--- PROBLEM REQUIREMENTS ---
Set down the listing below verbatim, but only from its first line through the line containing "Used 2017 Toyota Tundra SR5 AWD/4WD image 6".
######
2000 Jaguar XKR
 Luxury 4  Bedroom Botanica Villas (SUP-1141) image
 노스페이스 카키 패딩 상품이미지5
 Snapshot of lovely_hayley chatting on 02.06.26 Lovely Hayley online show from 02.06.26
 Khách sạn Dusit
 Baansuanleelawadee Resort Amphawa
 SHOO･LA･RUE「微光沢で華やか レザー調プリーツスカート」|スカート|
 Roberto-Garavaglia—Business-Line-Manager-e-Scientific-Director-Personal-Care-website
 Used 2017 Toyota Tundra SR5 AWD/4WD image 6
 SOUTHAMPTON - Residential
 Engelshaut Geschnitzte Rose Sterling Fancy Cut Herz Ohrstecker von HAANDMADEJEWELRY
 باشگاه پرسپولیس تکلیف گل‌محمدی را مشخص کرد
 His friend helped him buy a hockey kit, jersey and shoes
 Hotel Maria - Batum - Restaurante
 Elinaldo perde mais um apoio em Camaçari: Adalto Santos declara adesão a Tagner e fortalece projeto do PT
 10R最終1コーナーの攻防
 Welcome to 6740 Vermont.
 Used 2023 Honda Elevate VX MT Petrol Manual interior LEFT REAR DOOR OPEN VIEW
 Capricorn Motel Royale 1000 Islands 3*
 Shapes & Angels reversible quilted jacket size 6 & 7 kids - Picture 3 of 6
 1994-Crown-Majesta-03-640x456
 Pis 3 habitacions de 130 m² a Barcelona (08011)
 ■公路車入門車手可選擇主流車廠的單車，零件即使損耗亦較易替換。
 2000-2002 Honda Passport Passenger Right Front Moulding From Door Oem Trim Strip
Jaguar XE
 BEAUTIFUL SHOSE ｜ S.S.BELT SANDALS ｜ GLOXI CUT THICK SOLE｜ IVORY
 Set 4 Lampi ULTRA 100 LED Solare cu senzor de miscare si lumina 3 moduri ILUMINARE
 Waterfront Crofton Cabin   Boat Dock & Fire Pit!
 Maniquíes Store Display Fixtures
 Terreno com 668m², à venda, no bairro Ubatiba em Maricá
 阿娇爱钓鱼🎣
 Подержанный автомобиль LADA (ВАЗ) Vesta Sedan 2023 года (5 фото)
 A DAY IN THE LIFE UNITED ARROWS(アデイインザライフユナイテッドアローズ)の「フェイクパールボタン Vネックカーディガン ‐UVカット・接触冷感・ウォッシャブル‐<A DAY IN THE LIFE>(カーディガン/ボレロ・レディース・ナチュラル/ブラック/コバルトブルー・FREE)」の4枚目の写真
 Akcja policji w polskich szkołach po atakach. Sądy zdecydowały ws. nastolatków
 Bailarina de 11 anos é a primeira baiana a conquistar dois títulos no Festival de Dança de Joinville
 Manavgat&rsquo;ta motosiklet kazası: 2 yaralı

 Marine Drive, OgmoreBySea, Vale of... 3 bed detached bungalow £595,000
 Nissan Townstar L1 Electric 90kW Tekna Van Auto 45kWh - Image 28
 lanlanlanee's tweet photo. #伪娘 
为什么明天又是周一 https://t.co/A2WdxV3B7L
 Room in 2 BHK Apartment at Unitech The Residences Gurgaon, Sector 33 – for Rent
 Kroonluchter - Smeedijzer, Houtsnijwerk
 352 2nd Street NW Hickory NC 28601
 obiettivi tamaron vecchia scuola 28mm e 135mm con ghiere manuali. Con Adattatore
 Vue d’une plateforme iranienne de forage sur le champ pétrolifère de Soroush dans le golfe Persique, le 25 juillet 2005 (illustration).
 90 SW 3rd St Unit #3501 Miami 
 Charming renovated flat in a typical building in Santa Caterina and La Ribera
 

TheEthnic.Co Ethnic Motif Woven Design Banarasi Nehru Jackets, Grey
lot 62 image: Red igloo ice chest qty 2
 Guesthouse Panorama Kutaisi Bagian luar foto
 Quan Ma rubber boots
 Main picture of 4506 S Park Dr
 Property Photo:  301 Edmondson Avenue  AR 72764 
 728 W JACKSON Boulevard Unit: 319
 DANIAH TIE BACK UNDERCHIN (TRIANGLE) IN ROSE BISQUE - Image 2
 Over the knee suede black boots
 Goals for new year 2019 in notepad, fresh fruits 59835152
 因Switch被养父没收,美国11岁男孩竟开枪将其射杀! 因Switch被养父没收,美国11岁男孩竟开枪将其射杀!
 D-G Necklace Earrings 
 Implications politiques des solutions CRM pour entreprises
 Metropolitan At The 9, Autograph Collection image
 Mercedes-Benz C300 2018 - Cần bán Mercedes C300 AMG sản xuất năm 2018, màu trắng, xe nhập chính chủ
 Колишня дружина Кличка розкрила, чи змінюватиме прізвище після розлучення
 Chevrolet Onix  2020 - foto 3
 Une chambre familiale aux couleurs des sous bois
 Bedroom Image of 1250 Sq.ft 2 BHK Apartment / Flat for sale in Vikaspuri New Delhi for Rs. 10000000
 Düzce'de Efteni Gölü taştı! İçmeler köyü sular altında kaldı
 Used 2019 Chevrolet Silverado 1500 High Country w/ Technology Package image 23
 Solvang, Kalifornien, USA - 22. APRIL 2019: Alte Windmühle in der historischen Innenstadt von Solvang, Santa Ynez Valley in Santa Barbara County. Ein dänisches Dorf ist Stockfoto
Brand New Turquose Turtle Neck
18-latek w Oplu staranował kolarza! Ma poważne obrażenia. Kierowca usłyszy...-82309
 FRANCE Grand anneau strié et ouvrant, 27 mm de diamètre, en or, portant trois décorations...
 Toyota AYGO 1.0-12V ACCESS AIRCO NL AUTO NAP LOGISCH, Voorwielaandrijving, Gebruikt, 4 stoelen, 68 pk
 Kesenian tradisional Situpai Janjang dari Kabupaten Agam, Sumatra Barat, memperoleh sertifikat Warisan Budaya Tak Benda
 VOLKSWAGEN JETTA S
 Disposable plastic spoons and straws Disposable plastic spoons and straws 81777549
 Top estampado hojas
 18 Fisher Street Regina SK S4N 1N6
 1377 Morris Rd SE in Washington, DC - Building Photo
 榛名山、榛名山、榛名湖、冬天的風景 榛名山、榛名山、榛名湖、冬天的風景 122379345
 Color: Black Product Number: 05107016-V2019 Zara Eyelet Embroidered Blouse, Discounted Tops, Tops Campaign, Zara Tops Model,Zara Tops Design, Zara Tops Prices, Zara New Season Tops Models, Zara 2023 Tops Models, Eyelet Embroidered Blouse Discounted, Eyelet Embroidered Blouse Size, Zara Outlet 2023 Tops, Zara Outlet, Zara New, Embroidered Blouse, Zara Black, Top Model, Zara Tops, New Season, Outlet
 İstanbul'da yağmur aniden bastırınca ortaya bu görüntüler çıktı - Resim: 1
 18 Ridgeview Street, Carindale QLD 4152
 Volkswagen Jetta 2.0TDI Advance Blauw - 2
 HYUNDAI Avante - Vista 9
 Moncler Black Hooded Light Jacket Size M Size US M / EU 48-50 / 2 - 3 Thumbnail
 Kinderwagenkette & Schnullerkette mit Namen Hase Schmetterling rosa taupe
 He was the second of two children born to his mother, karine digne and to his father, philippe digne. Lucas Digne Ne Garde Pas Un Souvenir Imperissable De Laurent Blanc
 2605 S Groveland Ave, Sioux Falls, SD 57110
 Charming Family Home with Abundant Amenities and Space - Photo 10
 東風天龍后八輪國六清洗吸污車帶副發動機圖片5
######
--- RESPONSE ---
2000 Jaguar XKR
 Luxury 4  Bedroom Botanica Villas (SUP-1141) image
 노스페이스 카키 패딩 상품이미지5
 Snapshot of lovely_hayley chatting on 02.06.26 Lovely Hayley online show from 02.06.26
 Khách sạn Dusit
 Baansuanleelawadee Resort Amphawa
 SHOO･LA･RUE「微光沢で華やか レザー調プリーツスカート」|スカート|
 Roberto-Garavaglia—Business-Line-Manager-e-Scientific-Director-Personal-Care-website
 Used 2017 Toyota Tundra SR5 AWD/4WD image 6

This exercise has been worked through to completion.